L’amour, qui se réalise et se reflète sous des formes multiples dans les
saints de tous les temps, est la preuve authentique de la vérité du
christianisme".
C’est ainsi que s’achève le message de Benoît XVI, reproduit intégralement
ci-dessous.
"LA RENONCIATION À LA VÉRITÉ EST MORTELLE POUR LA FOI"
par Benoît XVI
Je voudrais, en premier lieu, adresser mes remerciements les plus chaleureux
à M. le recteur et aux autorités académiques de l’Université Pontificale
Urbanienne, aux responsables administratifs et aux représentants des
étudiants, pour leur proposition de donner mon nom à l’amphithéâtre qui
vient d’être remis à neuf. Je voudrais remercier de manière tout à fait
particulière le cardinal Fernando Filoni, grand chancelier de cette
Université, qui a accueilli favorablement cette initiative. C’est pour moi
un motif de grande joie que de pouvoir être ainsi associé de manière
permanente aux travaux de l’Université Pontificale Urbanienne.

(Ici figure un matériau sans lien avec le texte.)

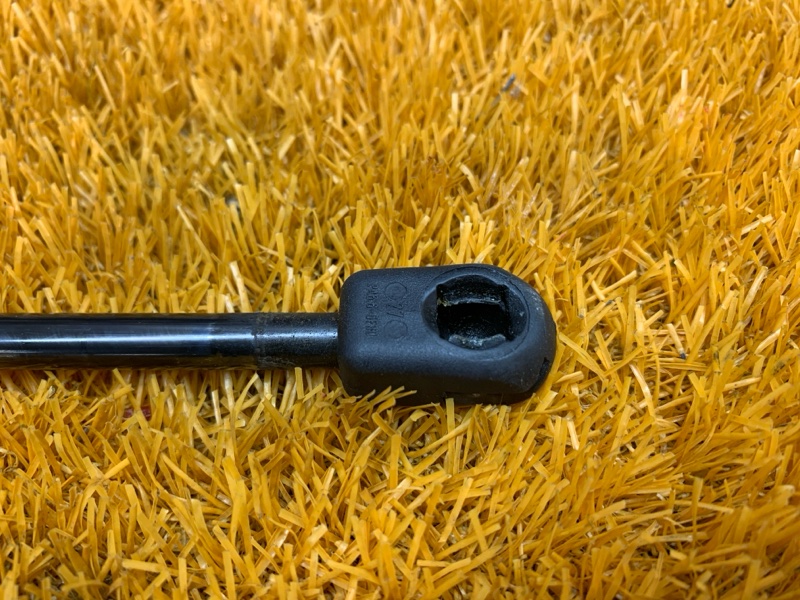 амортизатор капота, 500 рублей, Красноярск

Au cours des différentes visites que j’ai eu l’occasion d’y faire à l’époque
où j’étais préfet de la congrégation pour la doctrine de la foi, j’ai été à
chaque fois frappé par l’atmosphère d’universalité que l’on perçoit dans
cette université, où des jeunes gens provenant de pratiquement tous les pays
de la Terre se préparent pour servir l’Évangile dans le monde actuel.
Aujourd’hui aussi, en moi-même, je vois face à moi, dans cet amphithéâtre,
une communauté constituée d’un très grand nombre de jeunes gens, qui nous
font percevoir de manière vivante l’extraordinaire réalité de l’Église
catholique.
“Catholique” : cette définition de l’Église, qui fait partie de la
profession de foi depuis les temps les plus anciens, porte en elle-même
quelque chose de la Pentecôte. Elle nous rappelle que l’Église de
Jésus-Christ n’a jamais concerné un peuple seulement ou une culture
seulement, mais que, depuis les origines, elle était destinée à l’humanité.

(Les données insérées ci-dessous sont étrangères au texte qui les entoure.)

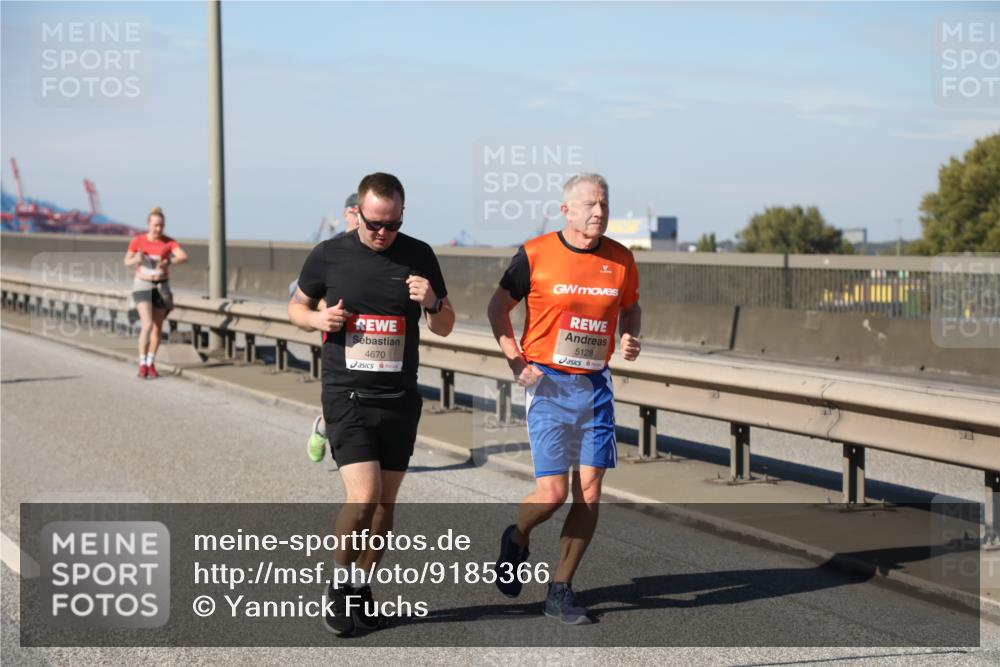 03.10.2025 - Köhlbrandbrückenlauf Yannick Fuchs http://msf.ph/oto/9185366 03.10.2025 12:03:59 Position 3 17, 4670, 5128 meine-sportfotos.de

Les derniers mots que Jésus ait adressés à ses disciples ont été : “De
toutes les nations faites mes disciples” (Mt 28, 19). Et, au moment de la
Pentecôte, les apôtres ont parlé toutes les langues, ce qui leur a permis de
manifester, grâce à la force du Saint-Esprit, toute l’ampleur de leur foi.

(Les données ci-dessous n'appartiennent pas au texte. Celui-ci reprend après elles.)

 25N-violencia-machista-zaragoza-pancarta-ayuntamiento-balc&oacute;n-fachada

À partir de ce moment-là, l’Église s’est véritablement développée sur tous
les continents. Votre présence, chères étudiantes et chers étudiants, est un
reflet du visage universel de l’Église. Le prophète Zacharie avait annoncé
un royaume messianique qui s’étendrait d’une mer à l’autre et qui serait un
royaume en paix (Za 9, 9s.). Et en effet, dans tous les endroits où
l’Eucharistie est célébrée et où les hommes ne forment plus entre eux, à
partir du Seigneur, qu’un seul corps, il y a quelque chose de cette paix que
Jésus-Christ avait promis de donner à ses disciples. Vous, chers amis, soyez
des artisans de cette paix que, dans un monde déchiré et violent, il devient
de plus en plus urgent de construire et de protéger. C’est pour cette raison
que le travail de votre université, dans laquelle vous voulez apprendre à
connaître Jésus-Christ de plus près afin de pouvoir devenir ses témoins, est
tellement important.
Le Seigneur ressuscité a chargé ses apôtres - et à travers eux ses disciples
de toutes les époques - de faire connaître sa parole jusqu’aux extrémités de
la terre et de faire de tous les hommes ses disciples. Le concile Vatican
II, en reprenant dans le décret “Ad
Gentes” une tradition constante, a mis
en lumière les raisons profondes de cet envoi en mission et c’est avec une
force renouvelée qu’il l’a ainsi assigné à l’Église d’aujourd’hui.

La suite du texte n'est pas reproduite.